====== Records supplied ======

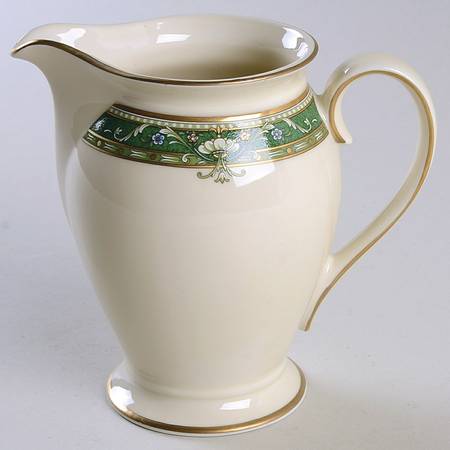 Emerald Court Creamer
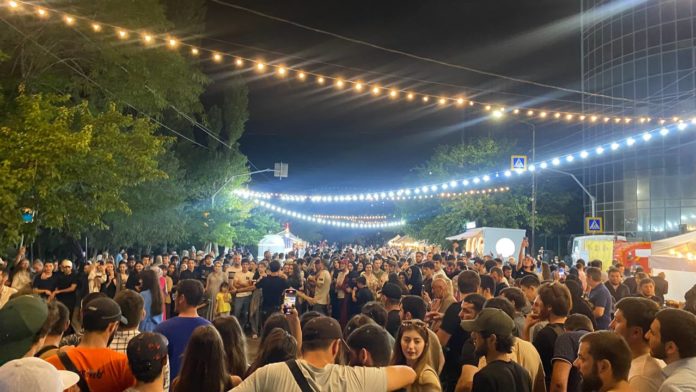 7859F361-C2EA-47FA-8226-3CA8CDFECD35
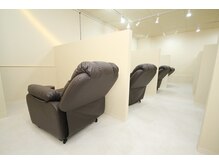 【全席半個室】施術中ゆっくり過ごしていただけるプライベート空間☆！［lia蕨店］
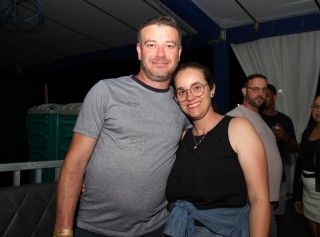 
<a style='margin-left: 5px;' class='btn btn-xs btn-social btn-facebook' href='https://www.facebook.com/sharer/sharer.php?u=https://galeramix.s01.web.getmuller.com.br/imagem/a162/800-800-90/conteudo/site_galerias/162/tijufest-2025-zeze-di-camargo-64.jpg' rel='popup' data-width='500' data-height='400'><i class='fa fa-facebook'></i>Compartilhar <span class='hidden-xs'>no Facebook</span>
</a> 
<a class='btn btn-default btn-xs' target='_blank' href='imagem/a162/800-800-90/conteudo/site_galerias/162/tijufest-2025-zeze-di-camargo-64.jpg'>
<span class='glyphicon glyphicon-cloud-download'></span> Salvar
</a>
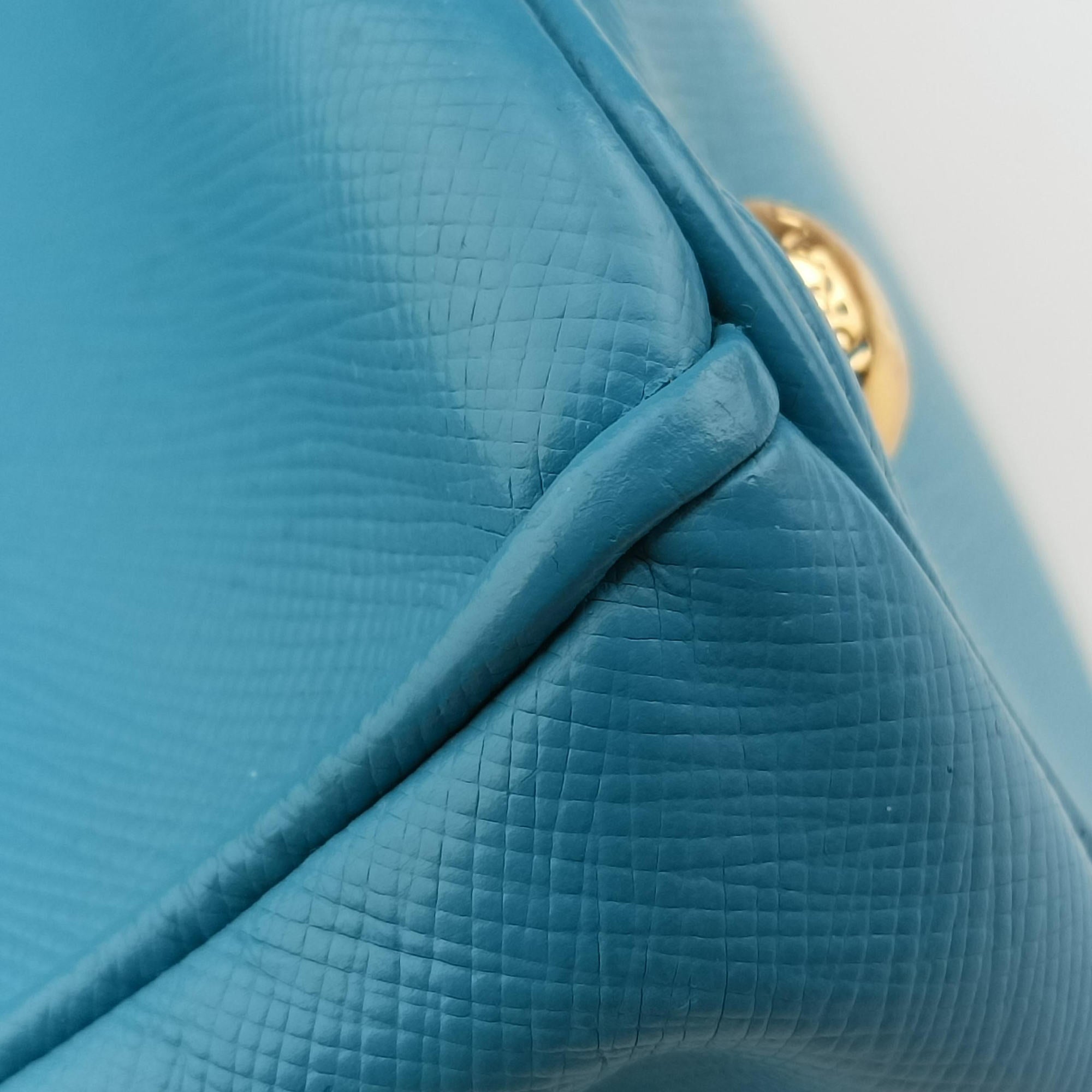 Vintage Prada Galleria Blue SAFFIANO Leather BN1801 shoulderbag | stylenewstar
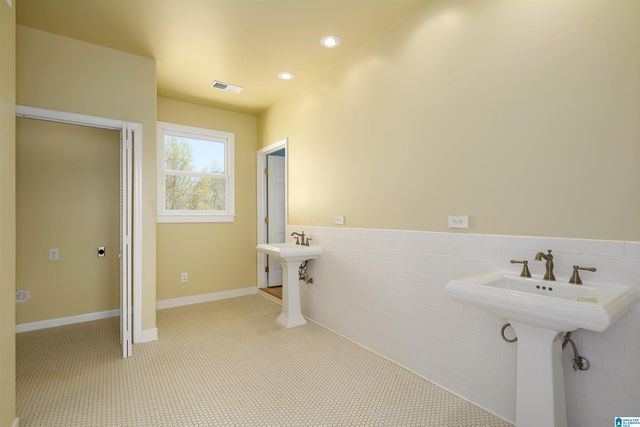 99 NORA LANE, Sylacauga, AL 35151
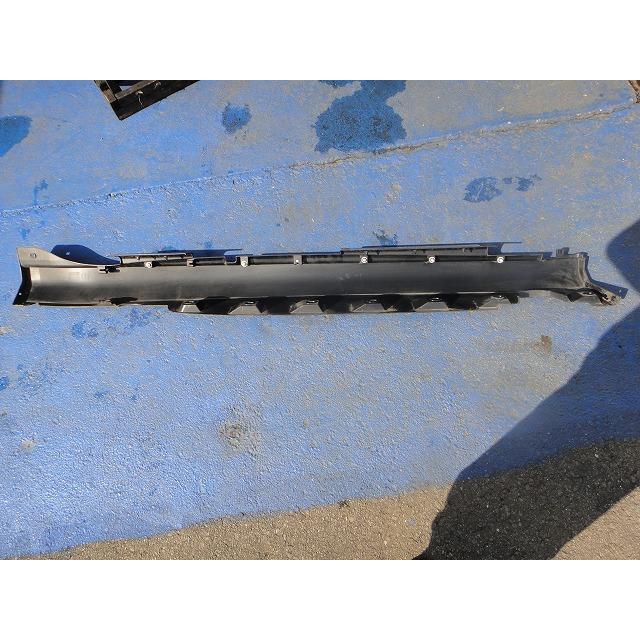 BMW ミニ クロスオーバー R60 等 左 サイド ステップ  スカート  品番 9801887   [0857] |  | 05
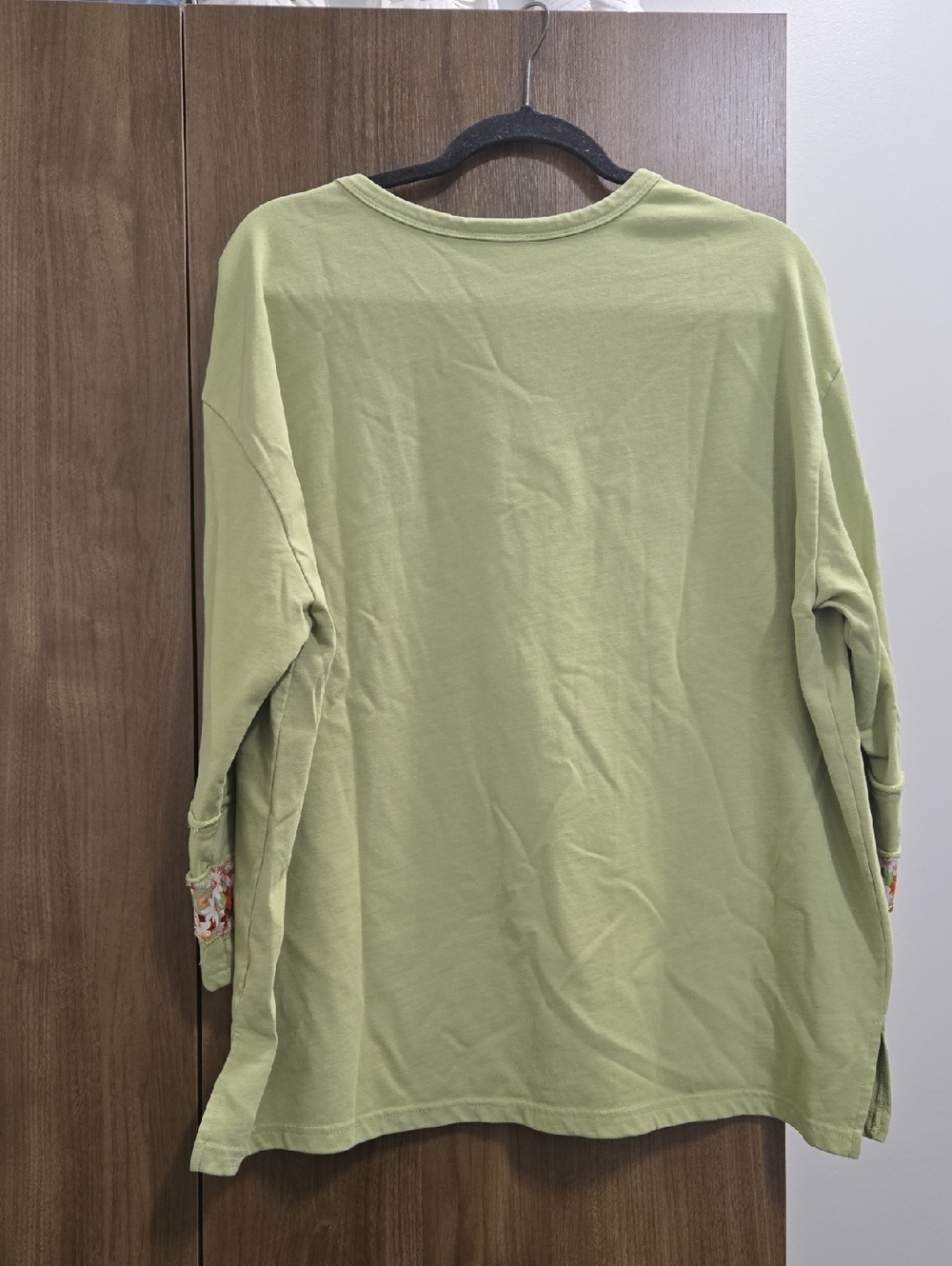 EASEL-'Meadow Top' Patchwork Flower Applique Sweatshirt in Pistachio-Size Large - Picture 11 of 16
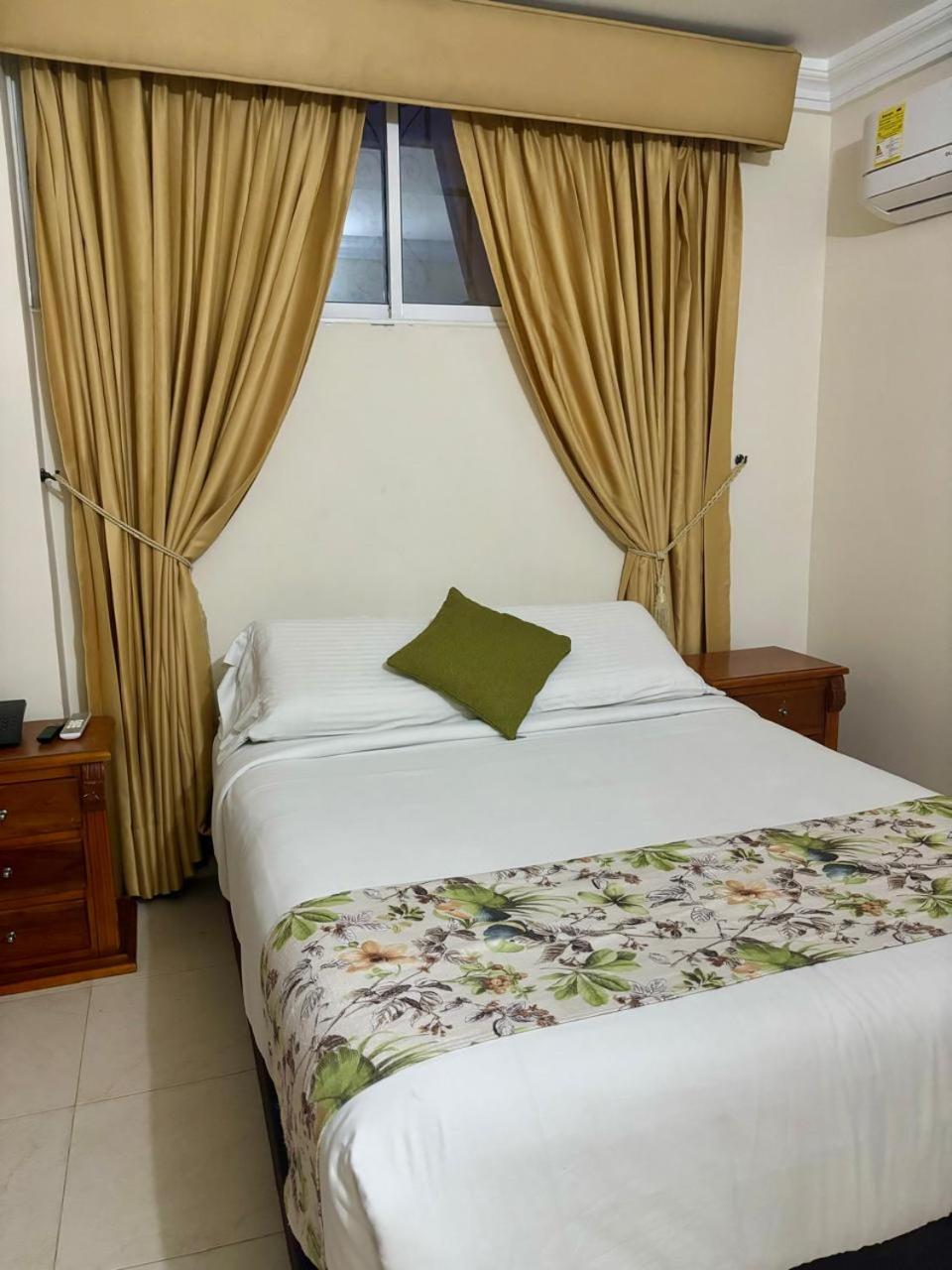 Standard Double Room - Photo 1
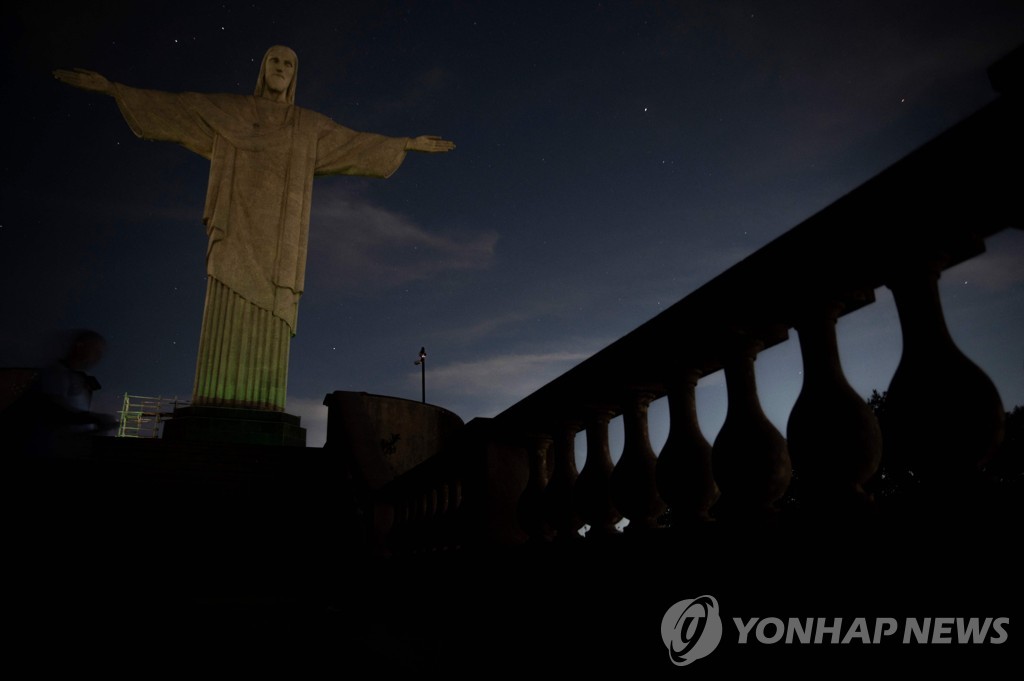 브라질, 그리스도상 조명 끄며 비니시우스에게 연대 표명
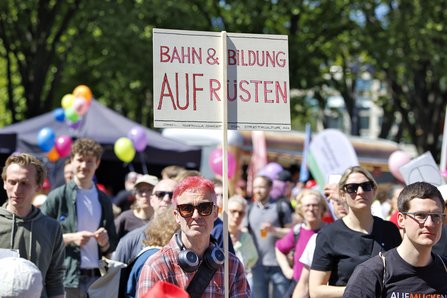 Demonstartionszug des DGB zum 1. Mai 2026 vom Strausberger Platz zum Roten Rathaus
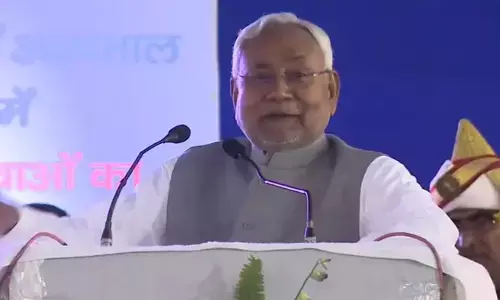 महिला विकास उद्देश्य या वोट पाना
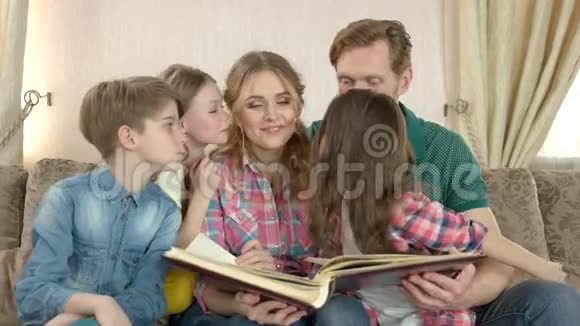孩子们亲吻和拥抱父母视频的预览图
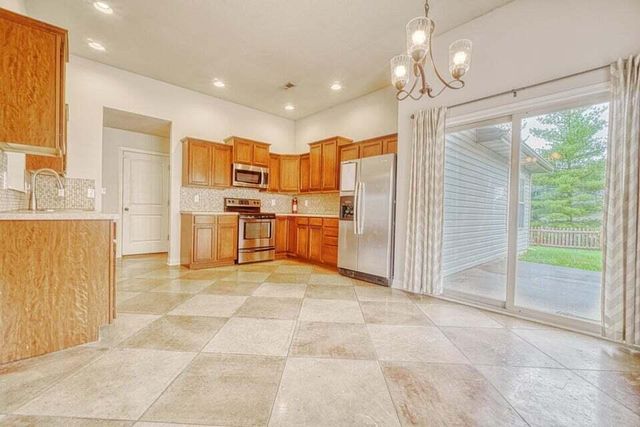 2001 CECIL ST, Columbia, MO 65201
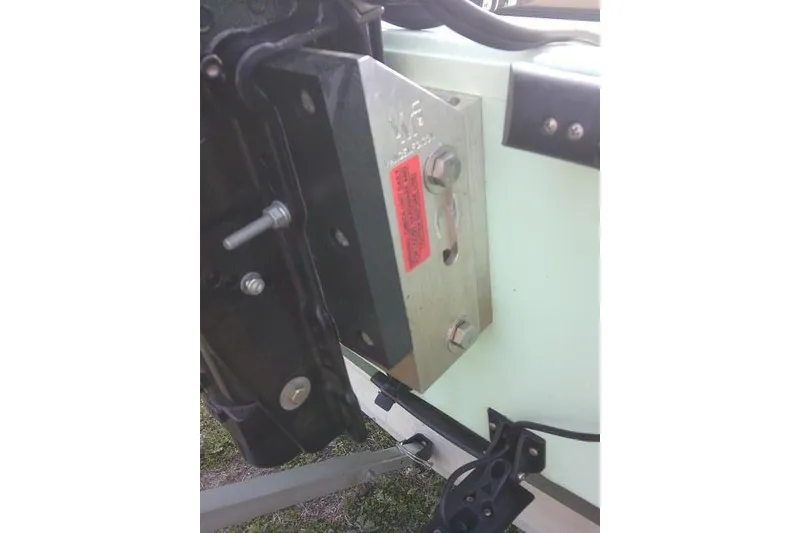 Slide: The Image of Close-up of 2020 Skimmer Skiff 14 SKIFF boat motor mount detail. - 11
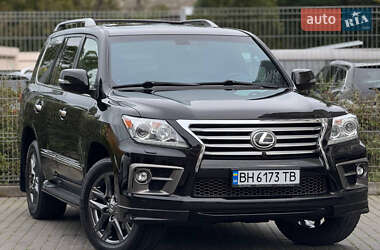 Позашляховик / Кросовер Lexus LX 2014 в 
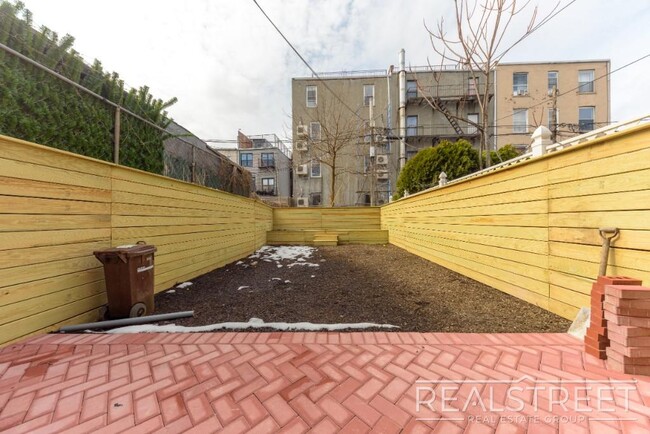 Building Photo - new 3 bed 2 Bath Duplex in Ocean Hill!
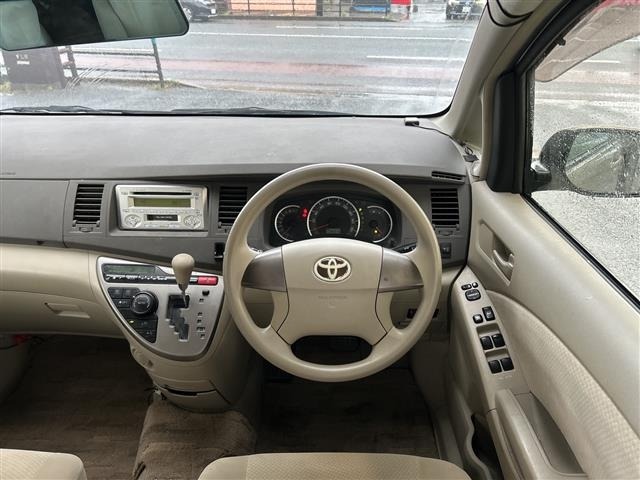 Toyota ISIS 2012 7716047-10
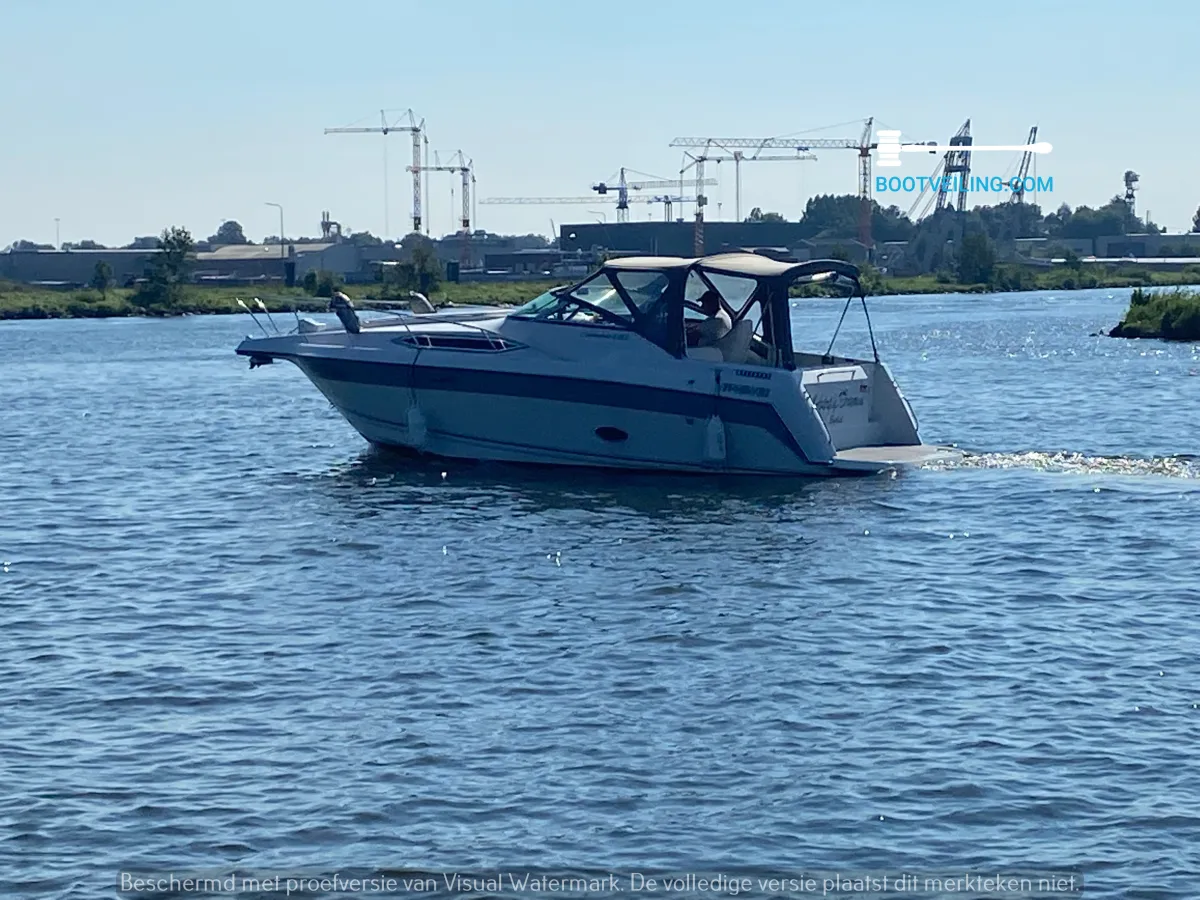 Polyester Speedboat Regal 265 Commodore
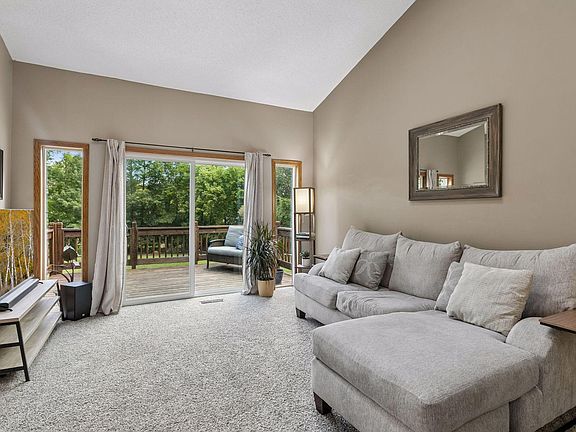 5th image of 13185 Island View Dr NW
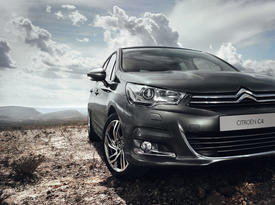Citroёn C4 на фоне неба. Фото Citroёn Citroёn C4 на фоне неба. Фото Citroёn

======

Exercise goal:
Produce an exact copy of the lines from the line with "2001 CECIL ST, Columbia, MO 65201" through the last line of the data above, both ends included. No pictures belong in it.

Task result:
 2001 CECIL ST, Columbia, MO 65201
 Slide: The Image of Close-up of 2020 Skimmer Skiff 14 SKIFF boat motor mount detail. - 11
 Позашляховик / Кросовер Lexus LX 2014 в 
 Building Photo - new 3 bed 2 Bath Duplex in Ocean Hill!
 Toyota ISIS 2012 7716047-10
 Polyester Speedboat Regal 265 Commodore
 5th image of 13185 Island View Dr NW
Citroёn C4 на фоне неба. Фото Citroёn Citroёn C4 на фоне неба. Фото Citroёn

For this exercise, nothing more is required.